Il ruolo dell'uomo di latta va a Buddy Ebsen – ma dopo appena una settimana di lavoro viene ricoverato in condizioni critiche, intossicato dalla polvere d’alluminio del suo costume. La produzione dovette interrompersi per trovare un nuovo interprete e un trucco meno tossico (si ripiegherà sulla pasta di alluminio), ma intanto la Hamilton, già costretta a una dieta liquida per colpa del rame nella vernice verde di cui era ricoperta, finisce in convalescenza pure lei, per tre mesi, dopo che un’esplosione le causa ustioni di terzo grado alle mani e al viso.
Non arrivarono né l’Oscar per gli effetti visivi né quello per la scenografia – vinti, rispettivamente, da La grande pioggia e da Via Col vento (dove nel frattempo era andato a lavorare anche Cuckor) ma ne guadagnò due per la colonna sonora composta da Herbert Stothart e per la canzone di Harold Arlen e EY “Yip” Harburg, Over the rainbow: un mezzo miracolo considerando che il brano era stato inizialmente tolto dal primo montaggio del film, che durava due ore ed era troppo lungo per gli standard dell’epoca.
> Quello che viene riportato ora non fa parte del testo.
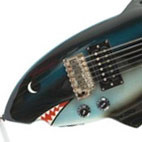 Shark Review | Jay Turser | Electric Guitars | Reviews @ Ultimate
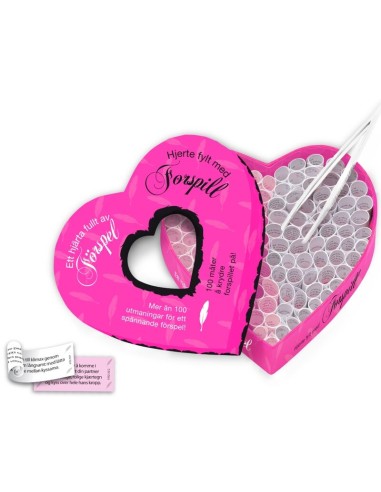 TEASE  PLEASE - HEART FULL OF FOREPLAY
Furono i produttori e Victor Fleming a insistere perché la canzone fosse reinserita, e grazie a loro oggi è al primo posto nella classifica 100 Years.. 100 Songs dell’AFI e nelle 365 Songs of the Century della Recording Industry Association of America.
Secondo il British Film Institute è anche uno dei 50 film da vedere entro i 14 anni perché, come scrisse Salman Rushdie, mostra «l’inadeguatezza degli adulti, anche degli adulti buoni e come la debolezza dei grandi costringa i bambini a prendere in mano il proprio destino».